Collect test metrics

  • Save the model test accuracy and test loss into variables

  • Log the test metrics with the Valohai logger

 1
 2
 3
 4
 5
 6
 7
 8
 9
10
11
12
13
14
15
16
17
18
19
20
21
22
23
24
25
26
27
28
29
30
31
32
33
34
35
36
37
38
39
40
41
42
43
44
45
46
47
48
49
50
51
52
53
54
import numpy as np
import tensorflow as tf
import valohai


def log_metadata(epoch, logs):
    with valohai.logger() as logger:
        logger.log('epoch', epoch)
        logger.log('accuracy', logs['accuracy'])
        logger.log('loss', logs['loss'])


valohai.prepare(
    step='train-model',
    image='tensorflow/tensorflow:2.6.0',
    default_inputs={
        'dataset': 'https://valohaidemo.blob.core.windows.net/mnist/mnist.npz'
    },
    default_parameters={
        'learning_rate': 0.001,
        'epochs': 5,
    },
)

input_path = valohai.inputs('dataset').path()
with np.load(input_path, allow_pickle=True) as f:
    x_train, y_train = f['x_train'], f['y_train']
    x_test, y_test = f['x_test'], f['y_test']

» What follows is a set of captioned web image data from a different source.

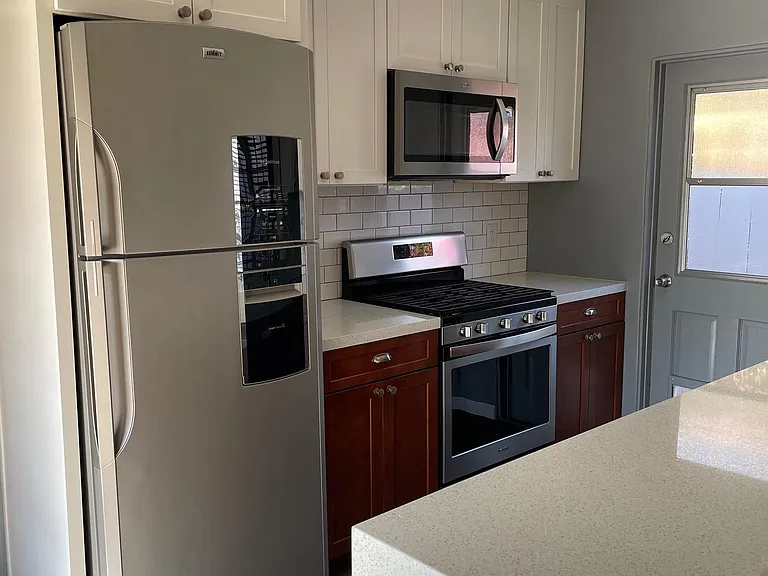 5045 Glen St — Photo 4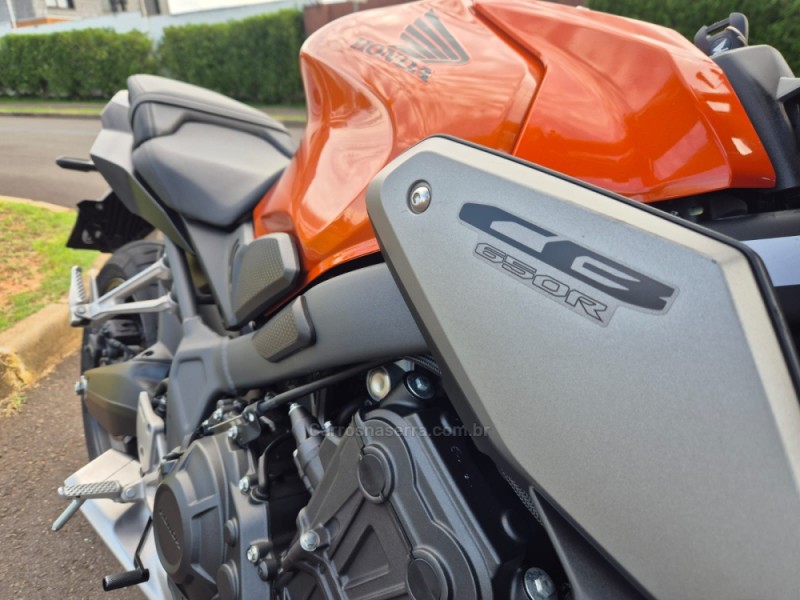 CBR 650R  - 2024 - SãO LEOPOLDO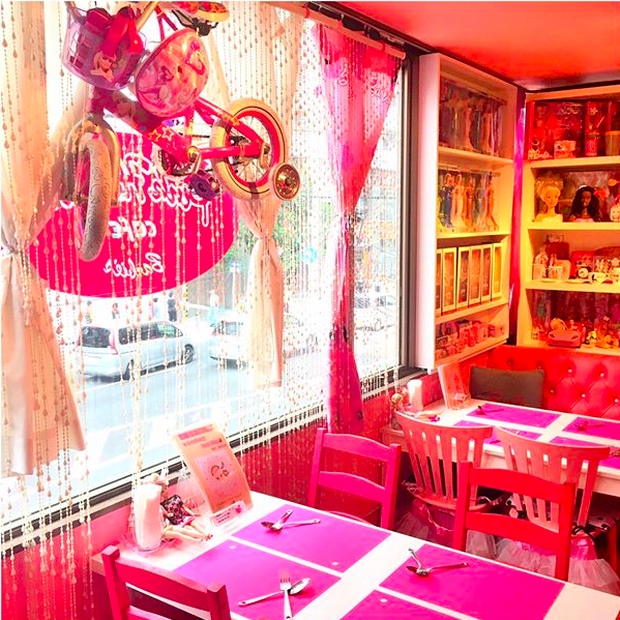 Ghé thăm quán cà phê Barbie màu hồng mộng mơ tuyệt đẹp - Ảnh 7.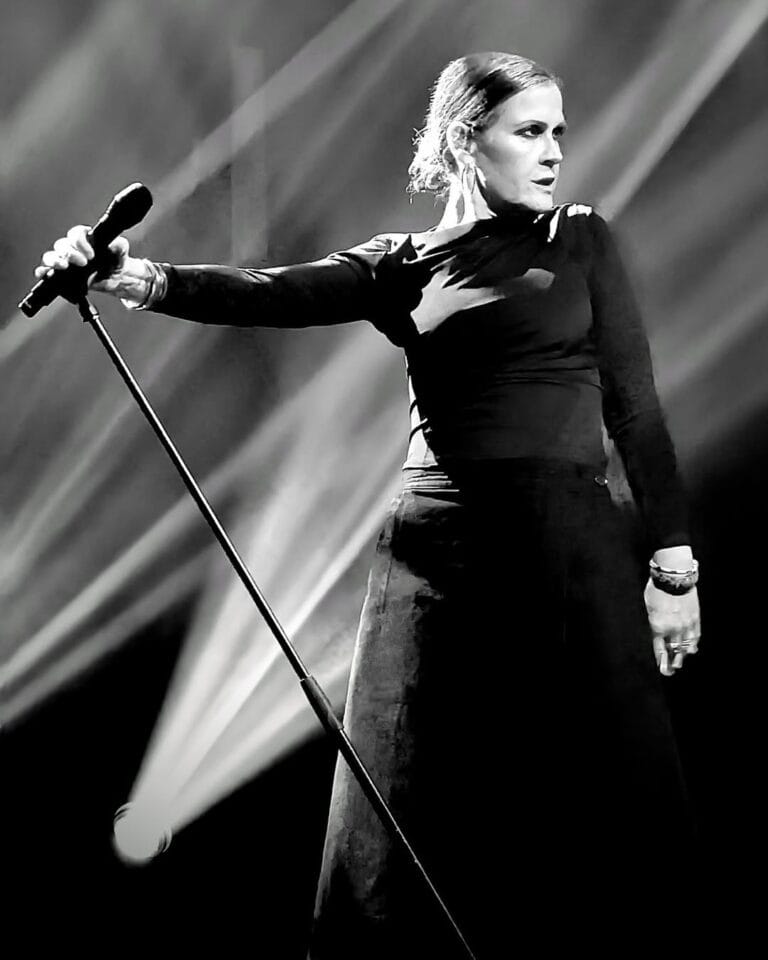 Alison Moyet on stage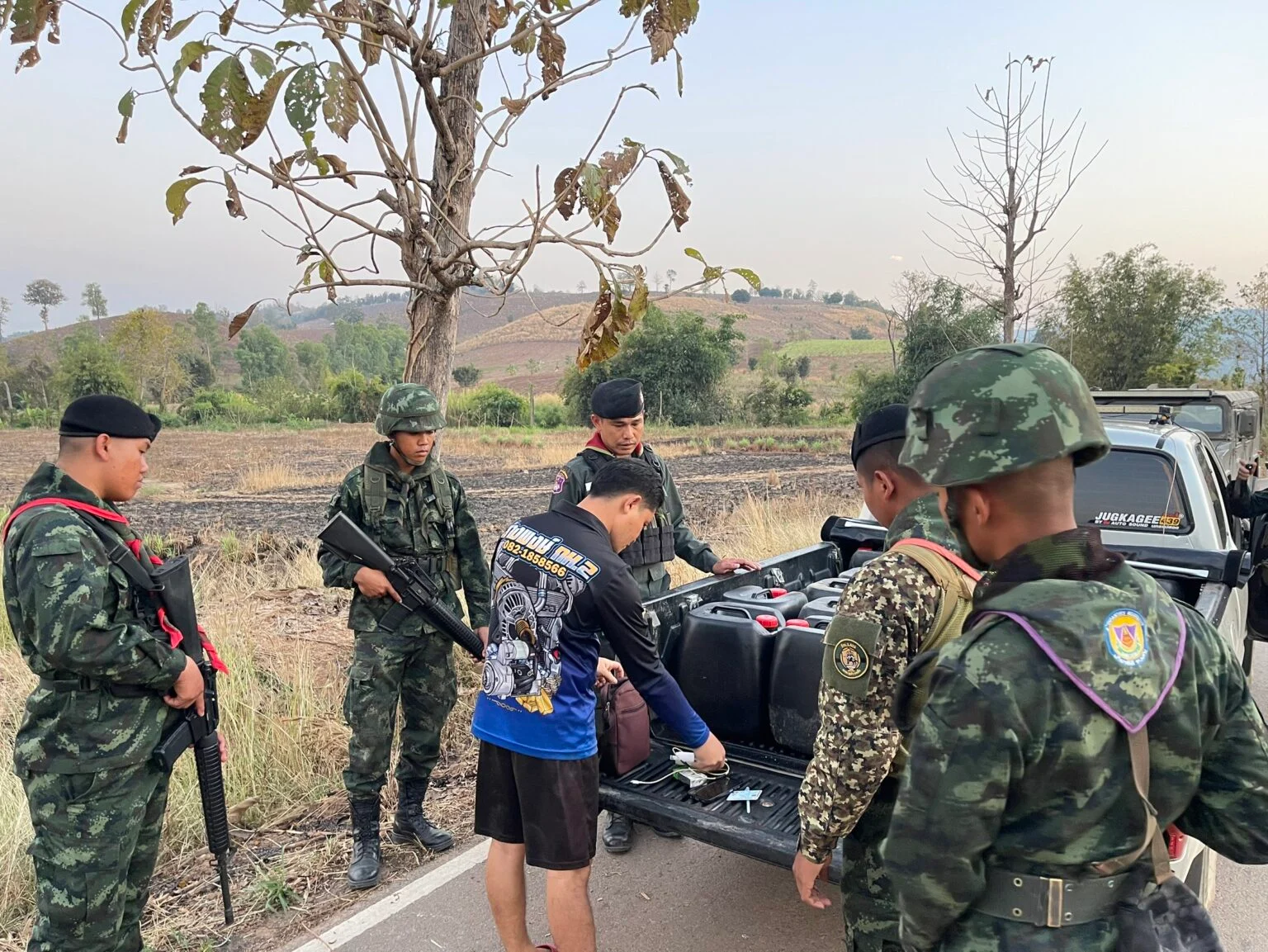 เจ้าหน้าที่สกัดจับหนุ่มไทยขับกระบะบรรทุกน้ำมัน 420 ลิตร เตรียมส่งขายเมียนมา เป็นรายที่ 3 หลังราคาน้ำมันพุ่งสูง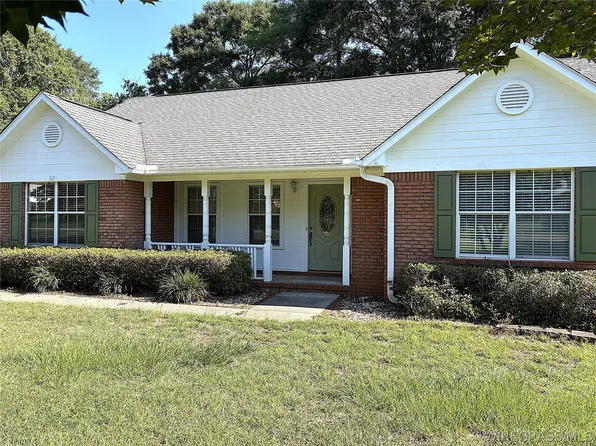 202 Wellston Dr, Enterprise, AL 36330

x_train, x_test = x_train / 255.0, x_test / 255.0

model = tf.keras.models.Sequential([
    tf.keras.layers.Flatten(input_shape=(28, 28)),
    tf.keras.layers.Dense(128, activation='relu'),
    tf.keras.layers.Dropout(0.2),
    tf.keras.layers.Dense(10)
])

optimizer = tf.keras.optimizers.Adam(learning_rate=valohai.parameters('learning_rate').value)
loss_fn = tf.keras.losses.SparseCategoricalCrossentropy(from_logits=True)
model.compile(optimizer=optimizer,
            loss=loss_fn,
            metrics=['accuracy'])

callback = tf.keras.callbacks.LambdaCallback(on_epoch_end=log_metadata)
model.fit(x_train, y_train, epochs=valohai.parameters('epoch').value, callbacks=[callback])

test_loss, test_accuracy = model.evaluate(x_test,  y_test, verbose=2)
with valohai.logger() as logger:
    logger.log('test_accuracy', test_accuracy)
    logger.log('test_loss', test_loss)

output_path = valohai.outputs().path('model.h5')
model.save(output_path)

Run in Valohai

Adding or changing metadata doesn’t require any changes to the valohai.yaml - Config File.

You can immediately launch a new execution and view the collected metadata.

vh exec run train-model --adhoc

View metrics

  • Go to your project’s executions

  • Click on the Show columns button on the right side, above the table

  • Select accuracy and loss to show them in the table.

  • Open the latest execution

  • Go to the metadata tab to view metrics from that executions.

  • Select epoch on X-axis and accuracy and loss on Y-axis

Latest metada value

The metadata value displayed in the table is always the latest printed metadata. In your script you should ensure that the last value you print out for accuracy is the best value for your use case.